[Watch] Global Research Team Releases New Documentary on Christian Persecution
Under Caesar's Sword: A documentary about how Christians respond to persecution has just been released by a group of scholars out of Universities including Notre Dame in hopes of inviting believers and concerned individuals to step into the lives of Christian families, refugees, and leaders facing persecution.
The film shows how believers facing persecution are coping and urging support from believers around the world.
Though Jesus expressly told his followers that they would indeed face persecution for following him, some disciples clearly are facing dire circumstances and extreme pain while seeking to follow Jesus.
The documentary specifically highlights the pressure believers in India and Turkey are facing, how they are responding and what you and I should think and do in response.
The Under Caesar’s Sword program is a collaborative, global research effort to discover and draw attention to the ways in which Christian communities around the world respond to the severe violation of their religious freedom. These strategies vary widely, ranging from nonviolent protest movements of the kind that Pope John Paul II led in communist Poland, to the complex diplomacy of Christian churches in China, to simply fleeing from persecution en masse, as Christians have done in Iraq. Further, the project aims to raise solidarity with persecuted Christians worldwide and to help them respond justly and effectively. The team of 14 scholars, representing the world’s leading scholars of Christianity in their respective regions, has traveled around the world to study some 100 beleaguered Christian communities in over 30 countries including China, Indonesia, Nigeria, Syria, Egypt, Iraq, Pakistan, and India.
Some key facts from the film
The four ancient Christian patriarchates in the East (Antioch,Alexandria, Jerusalem, Constantinople) are all in danger of disappearing as Christian centers.
A century ago, 1/3 of Istanbul’s population was non-Muslim (Christians and Jews). Today, it is less than 1% non-Muslim.
The Ottoman Empire got rid of most of its Christians by population by genocide (early in the twentieth century), expulsions, and expulsions.
Today, as the pastor from a small town tells us, Christians may face death threats. Meanwhile, the cultural and religious heritage of Christianity is threatened, as iconography (sacred depictions of Christ, biblical figures, and saints) is destroyed, and churches like the Hagia Sophia are at risk. Turkish Christians respond by implementing safety measures and reaching out to the community while continuing their practices.
76% of the world’s population lives in a country where religious freedom is seriously curtailed (Pew).

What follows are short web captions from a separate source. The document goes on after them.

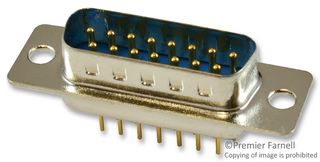 MULTICOMP SPC15347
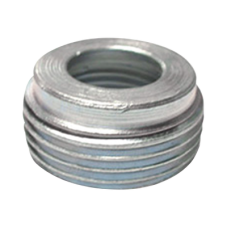 Reducción aluminio de 25-19 mm ( 1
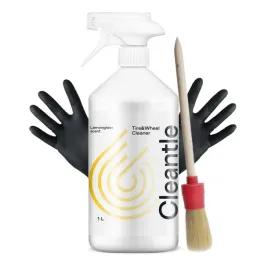 cleantle-tire-and-wheel-cleaner-1l-do-felg-i-opon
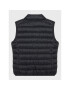 Save The Duck Елек J82430X GIGA15 Черен Regular Fit - Pepit.bg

Under Caesar's Sword highlights hardships of Christians in India where believers have been since at least the third century. For a millennium or more, coexistence between Christians and others in India was relatively peaceful. Christian schools and other institutions were embraced, and Christmas became widely celebrated. But though India is a constitutionally secular democracy, the state has always been in favor of the Hindu religion.
During the Indian independence movement, leaders began to suggest that to be truly Indian one must have “Hindutva,” Hindu-ness. Over decades, this ideology took root, and since 1998, there has been a rise in incidents of violence against Christians. Hundreds have been attacked by Hindu extremists whose violent efforts have been encouraged by the rise of a Hindu nationalist government.